Look below for the line containing "低壓電纜防盜系統(tǒng)的制造方法與工藝"; from there through the line containing "Consumer Discrete Semiconductor", both lines included, please set down each line exactly and nothing else.

— DATA LISTING —
--- START ---

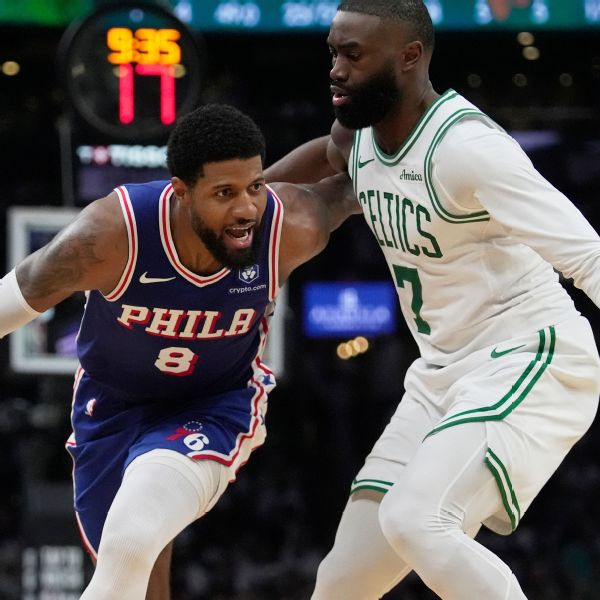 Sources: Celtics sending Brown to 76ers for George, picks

--- END ---
--- START ---

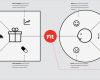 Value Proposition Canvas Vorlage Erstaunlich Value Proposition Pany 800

--- END ---
--- START ---

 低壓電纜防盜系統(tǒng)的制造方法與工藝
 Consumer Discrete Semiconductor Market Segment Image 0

--- END ---

— SOLUTION —
 低壓電纜防盜系統(tǒng)的制造方法與工藝
 Consumer Discrete Semiconductor Market Segment Image 0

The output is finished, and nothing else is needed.